Le président de la Commission de l’Union africaine (UA), Mahmoud Ali Youssouf, a appelé dimanche, à une réforme urgente de l’architecture de la paix et de la sécurité en Afrique, exhortant les pays du continent à opter pour les actions collectives afin de résoudre les crises.
« Au Soudan, en RDC, en Somalie, au Sahel, en Libye, au nord du Mozambique et à Madagascar, les crises persistantes et les menaces émergentes, y compris le terrorisme, l’extrémisme violent, la piraterie, la criminalité transnationale et le mauvais traitement des migrants, exigent une action collective plus forte », a affirmé M. Ali Youssouf lors de son intervention au 21e Sommet extraordinaire de l’UA organisé à Luanda, en Angola.
« La prévention doit devenir notre priorité. Nous avons besoin d’un système continental d’alerte précoce renforcé, d’une mise en œuvre plus efficace des décisions de l’UA, d’un financement durable pour les opérations de paix et d’un Fonds pour la paix pleinement opérationnel », a-t-il assuré, par ailleurs.
Il a estimé, en outre, que les partenariats, y compris avec les Nations unies, devraient refléter les réalités et les attentes de l’Afrique. « La mise en œuvre de la résolution 2719 du Conseil de sécurité des Nations unies (consacrant la coopération entre l’ONU et l’UA) est un appel légitime et urgent », a-t-il insisté.
Il a également souligné que les Communautés économiques régionales de l’UA et les mécanismes régionaux restent au centre de la diplomatie préventive.

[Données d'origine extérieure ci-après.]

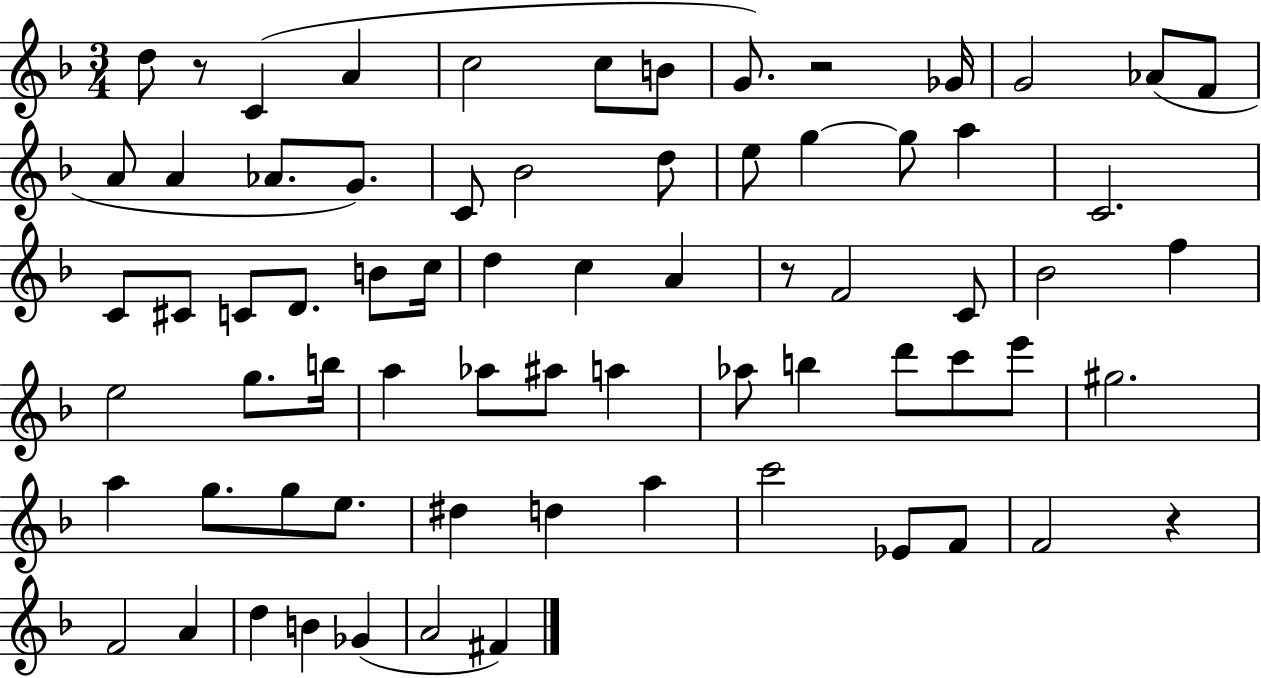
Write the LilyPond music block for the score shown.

{
  \clef treble
  \numericTimeSignature
  \time 3/4
  \key f \major
  d''8 r8 c'4( a'4 | c''2 c''8 b'8 | g'8.) r2 ges'16 | g'2 aes'8( f'8 | \break a'8 a'4 aes'8. g'8.) | c'8 bes'2 d''8 | e''8 g''4~~ g''8 a''4 | c'2. | \break c'8 cis'8 c'8 d'8. b'8 c''16 | d''4 c''4 a'4 | r8 f'2 c'8 | bes'2 f''4 | \break e''2 g''8. b''16 | a''4 aes''8 ais''8 a''4 | aes''8 b''4 d'''8 c'''8 e'''8 | gis''2. | \break a''4 g''8. g''8 e''8. | dis''4 d''4 a''4 | c'''2 ees'8 f'8 | f'2 r4 | \break f'2 a'4 | d''4 b'4 ges'4( | a'2 fis'4) | \bar "|."
}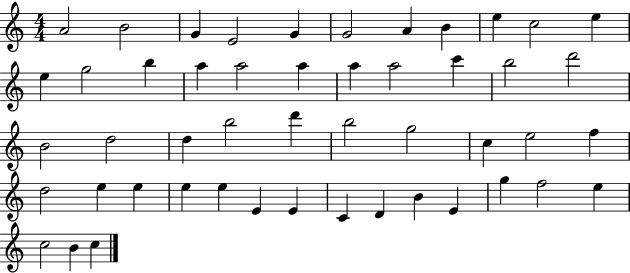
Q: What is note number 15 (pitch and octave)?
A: A5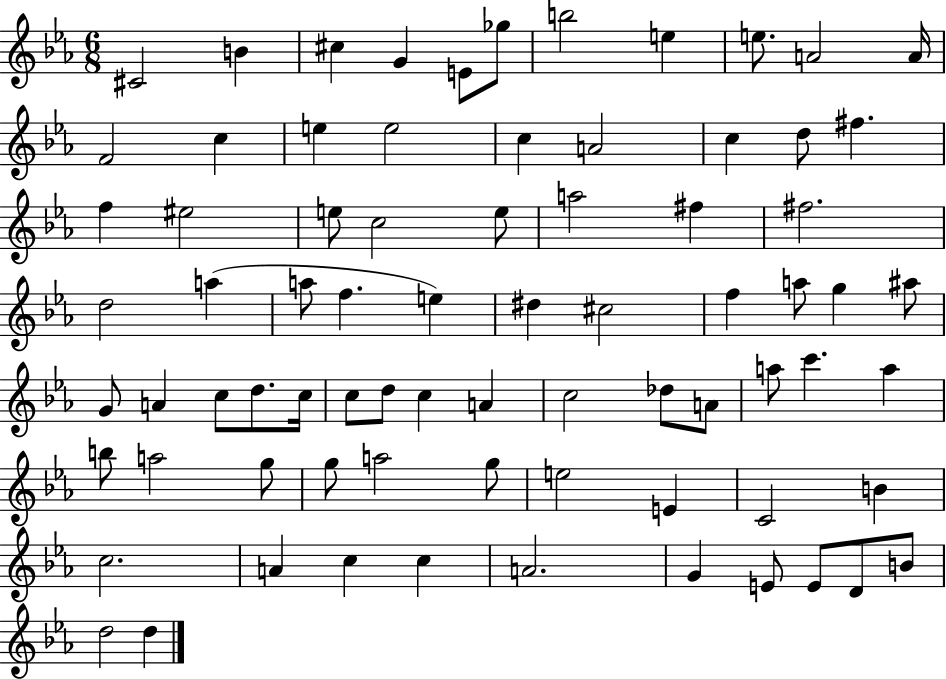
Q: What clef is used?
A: treble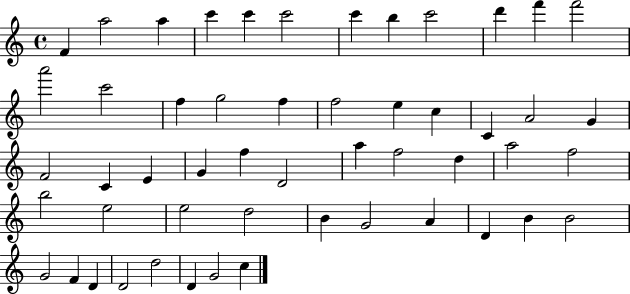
X:1
T:Untitled
M:4/4
L:1/4
K:C
F a2 a c' c' c'2 c' b c'2 d' f' f'2 a'2 c'2 f g2 f f2 e c C A2 G F2 C E G f D2 a f2 d a2 f2 b2 e2 e2 d2 B G2 A D B B2 G2 F D D2 d2 D G2 c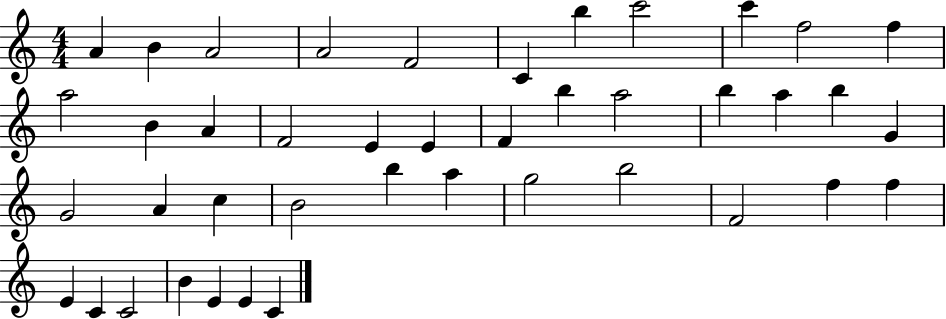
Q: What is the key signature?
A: C major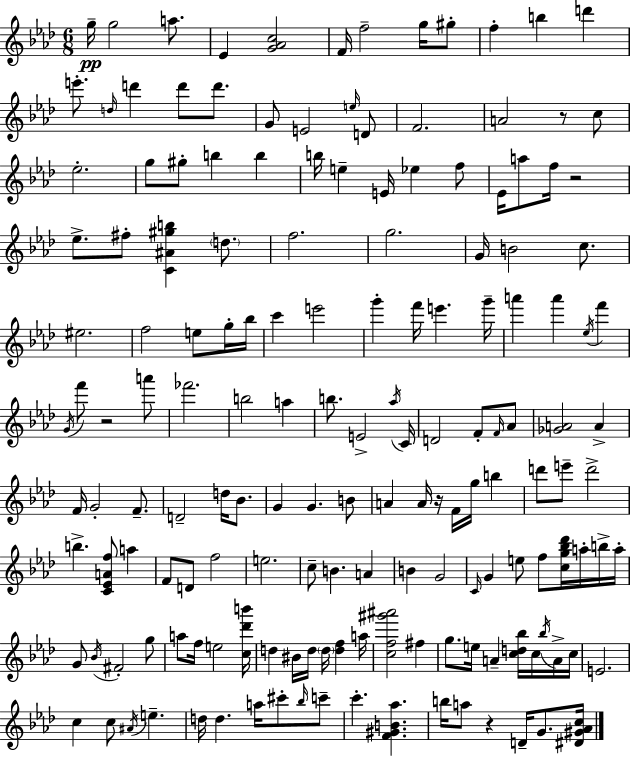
X:1
T:Untitled
M:6/8
L:1/4
K:Ab
g/4 g2 a/2 _E [G_Ac]2 F/4 f2 g/4 ^g/2 f b d' e'/2 d/4 d' d'/2 d'/2 G/2 E2 e/4 D/2 F2 A2 z/2 c/2 _e2 g/2 ^g/2 b b b/4 e E/4 _e f/2 _E/4 a/2 f/4 z2 _e/2 ^f/2 [C^A^gb] d/2 f2 g2 G/4 B2 c/2 ^e2 f2 e/2 g/4 _b/4 c' e'2 g' f'/4 e' g'/4 a' a' _e/4 f' G/4 f'/2 z2 a'/2 _f'2 b2 a b/2 E2 _a/4 C/4 D2 F/2 F/4 _A/2 [_GA]2 A F/4 G2 F/2 D2 d/4 _B/2 G G B/2 A A/4 z/4 F/4 g/4 b d'/2 e'/2 d'2 b [C_EAf]/2 a F/2 D/2 f2 e2 c/2 B A B G2 C/4 G e/2 f/2 [cg_b_d']/4 a/4 b/4 a/4 G/2 _B/4 ^F2 g/2 a/2 f/4 e2 [c_d'b']/4 d ^B/4 d/4 d/4 [df] a/4 [cf^g'^a']2 ^f g/2 e/4 A [cd_b]/4 c/4 _b/4 A/4 c/4 E2 c c/2 ^A/4 e d/4 d a/4 ^c'/2 _b/4 c'/2 c' [F^GB_a] b/4 a/2 z D/4 G/2 [^D^G_Ac]/4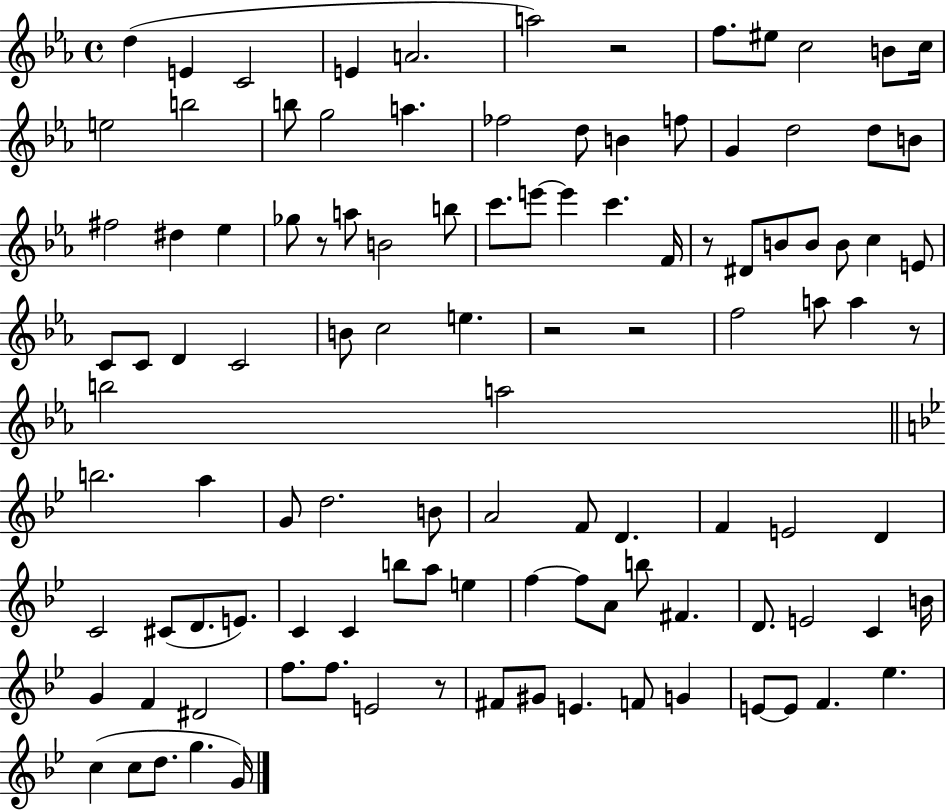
D5/q E4/q C4/h E4/q A4/h. A5/h R/h F5/e. EIS5/e C5/h B4/e C5/s E5/h B5/h B5/e G5/h A5/q. FES5/h D5/e B4/q F5/e G4/q D5/h D5/e B4/e F#5/h D#5/q Eb5/q Gb5/e R/e A5/e B4/h B5/e C6/e. E6/e E6/q C6/q. F4/s R/e D#4/e B4/e B4/e B4/e C5/q E4/e C4/e C4/e D4/q C4/h B4/e C5/h E5/q. R/h R/h F5/h A5/e A5/q R/e B5/h A5/h B5/h. A5/q G4/e D5/h. B4/e A4/h F4/e D4/q. F4/q E4/h D4/q C4/h C#4/e D4/e. E4/e. C4/q C4/q B5/e A5/e E5/q F5/q F5/e A4/e B5/e F#4/q. D4/e. E4/h C4/q B4/s G4/q F4/q D#4/h F5/e. F5/e. E4/h R/e F#4/e G#4/e E4/q. F4/e G4/q E4/e E4/e F4/q. Eb5/q. C5/q C5/e D5/e. G5/q. G4/s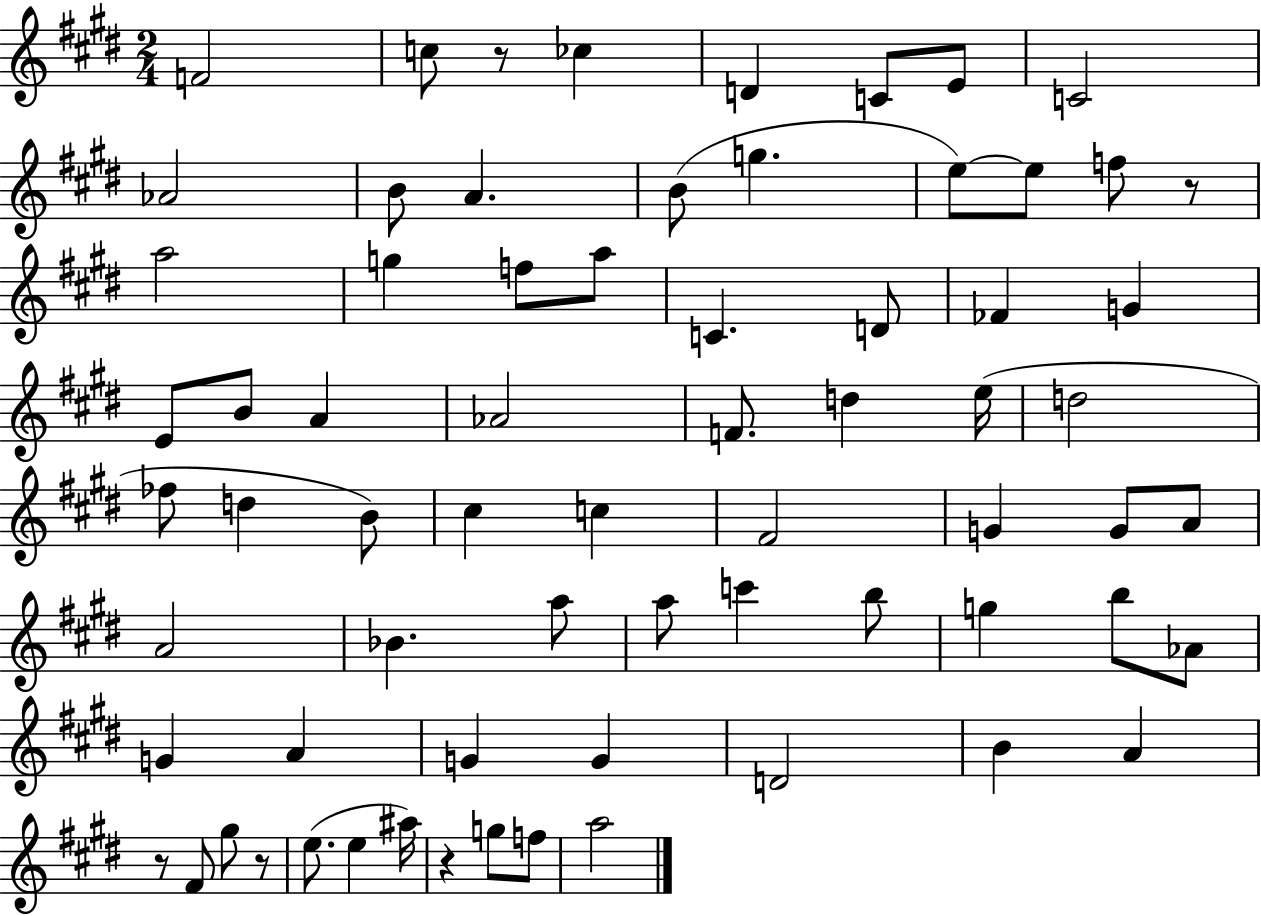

Une consultation continue entre le Conseil de paix et de sécurité, la Commission, les Etats membres et les organismes régionaux « est essentielle », a-t-il dit.
La solidarité, les ressources mutualisées et une plus grande souveraineté panafricaine en matière de paix et de sécurité sont impératives, a-t-il plaidé signalant, à ce propos, qu’aucun pays n’était en mesure d’affronter seul les menaces que connaît le continent.
Le président de la Commission de l’UA a noté, d’autre part, que la mise en place de cette nouvelle architecture de paix et de sécurité nécessitait une « volonté politique inébranlable ».